Source: Set Theory You-Feng Lin, Shwu-Yeng T.Lin
DEFINITION 4.1.4
Let R ⊆ A B. The domain of R is the set
dom(R) = {$x ∈ A$ : ∃y($y ∈B$ ∧ (x, y) $∈ R$)},
and the range of R is the set
ran(R) = {$y∈ B$: ∃x($x∈A∧(x,\space y)∈R$)}.
Source: A First Course in Mathematical Logic and Set Theory by Michael L O'leary
Best Answer
Definitions in mathematics come in many forms. This is a matter of presentation and chosen settings. Furthermore, what is considered a good definition in mathematics is a matter of tradition, usefulness, convenience, and so on. This is perhaps more a matter of adequacy. The bottom point is: It does not matter which variant of a definition you work with as long as the variants are logically equivalent.

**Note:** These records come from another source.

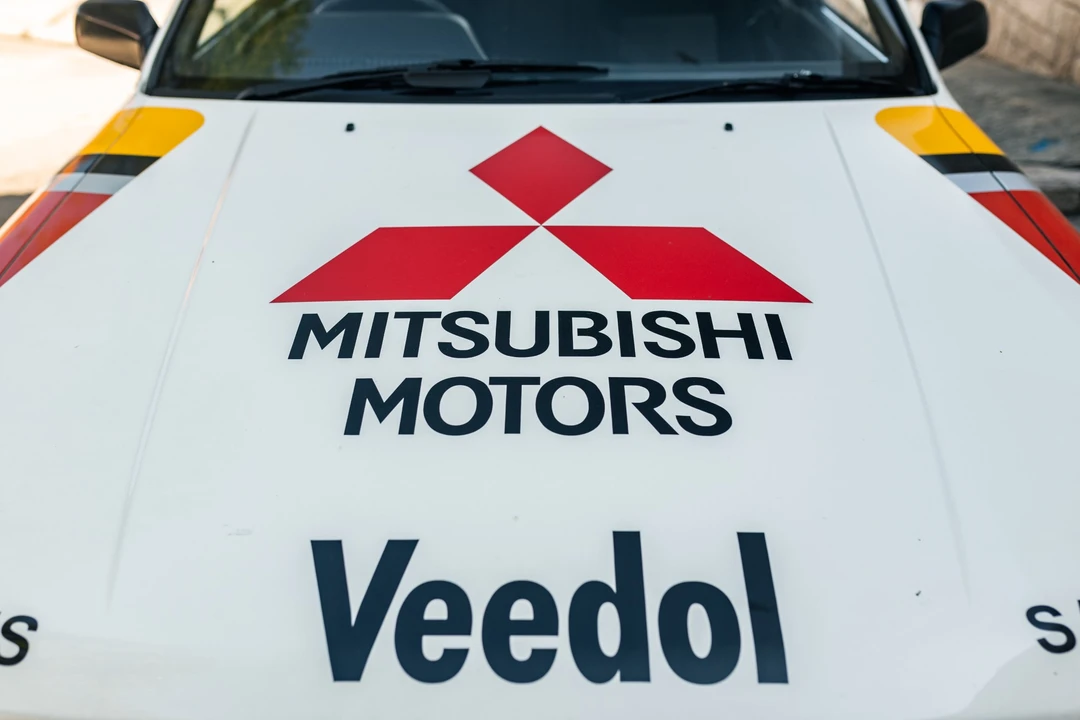 1992 Mitsubishi Galant VR-4 7th Gen - Image 21 of 31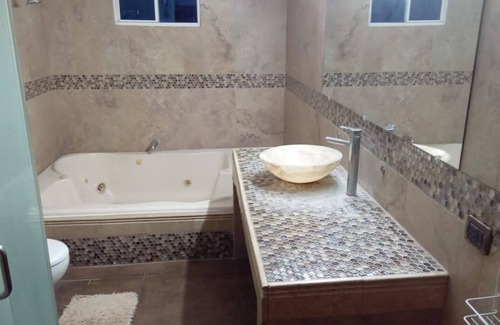 San Salvador House | Spacious 4 bedroom&Pool and 2 jacuzzis, WiFi, AC In Amazing area in San Salvador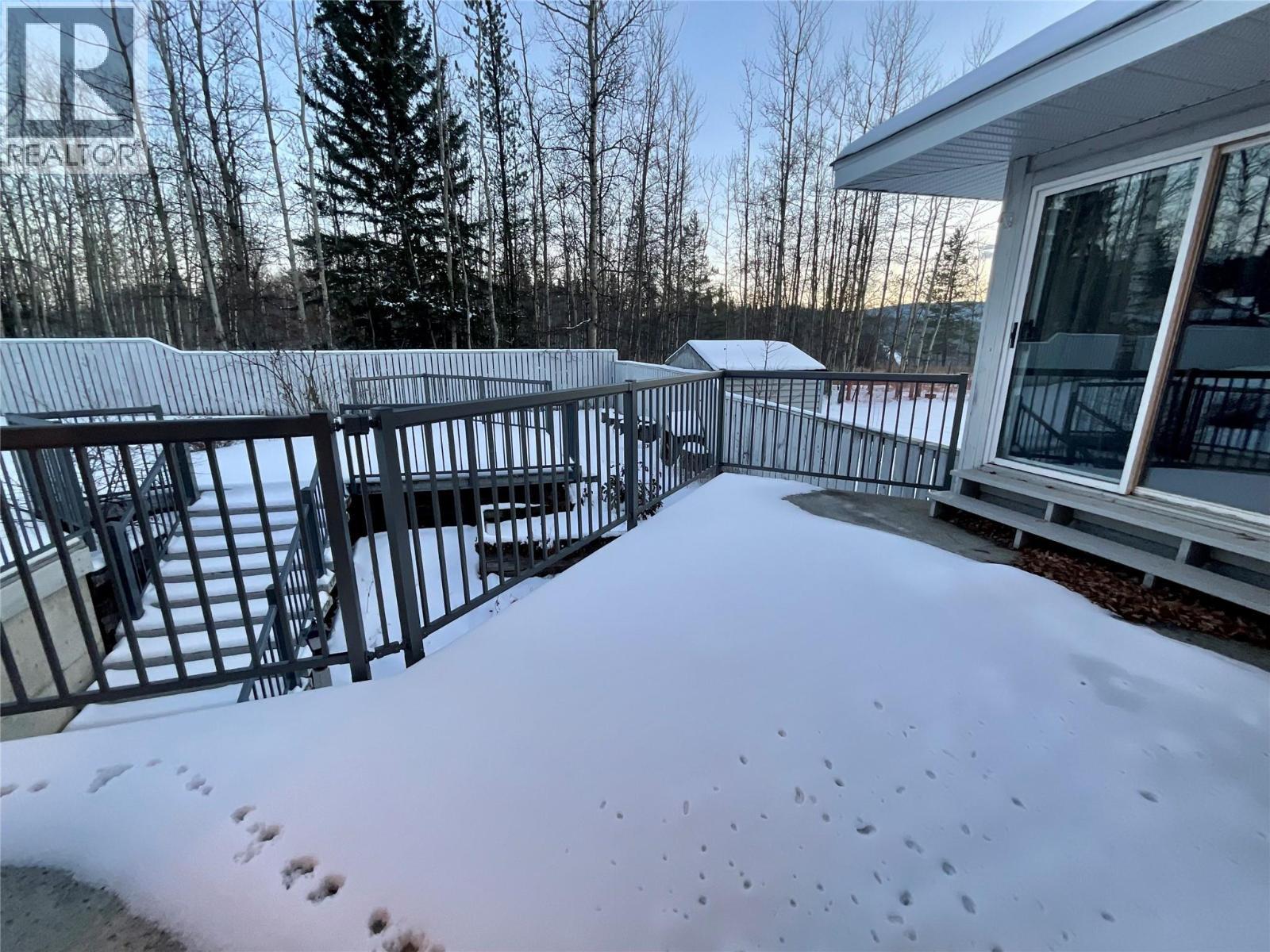 12 Collier Place, Tumbler Ridge, BC - Outdoor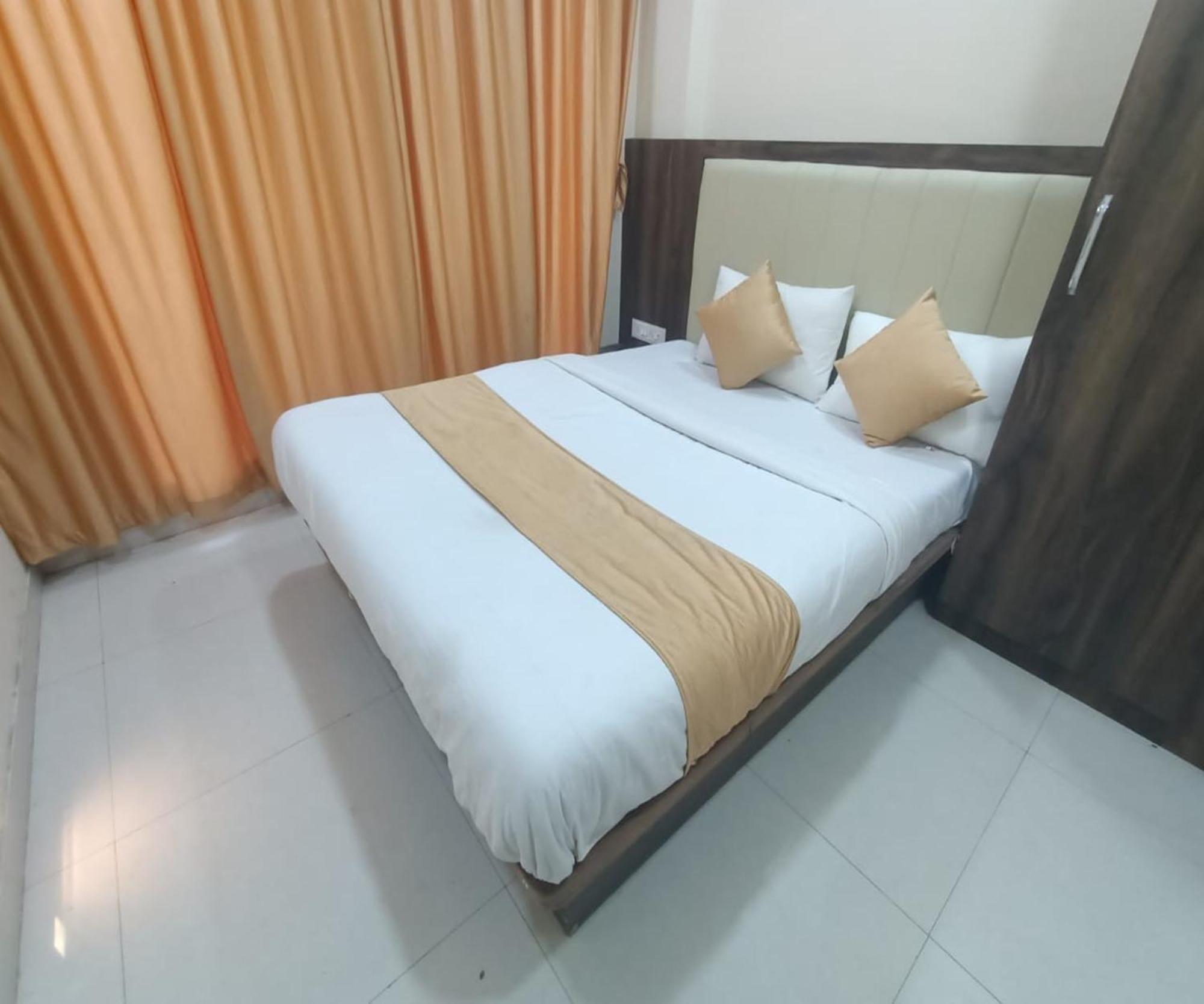 Hotel Om Sai 纳威孟买 外观 照片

In your particular case, you have two variants. When expressed in the same formal language (choose your preferred notation here), they are:
(1) $\left\{ x\in X\mid\exists y,(x,y)\in f\right\} $
(2) $\left\{ x\in X\mid\exists y,y\in Y\wedge (x,y)\in f\right\} $
The second definition requires y to be an element of some set Y, the first does not. The two variants are therefore not logically equivalent. In practice however, definitions are used within a certain context. Definition (2) is likely to be used in a context that has already declared the range of f to be included in set Y, in which case $(x,y)\in f$ implies $y\in Y$.In such a context, it does not matter then which definitions you use.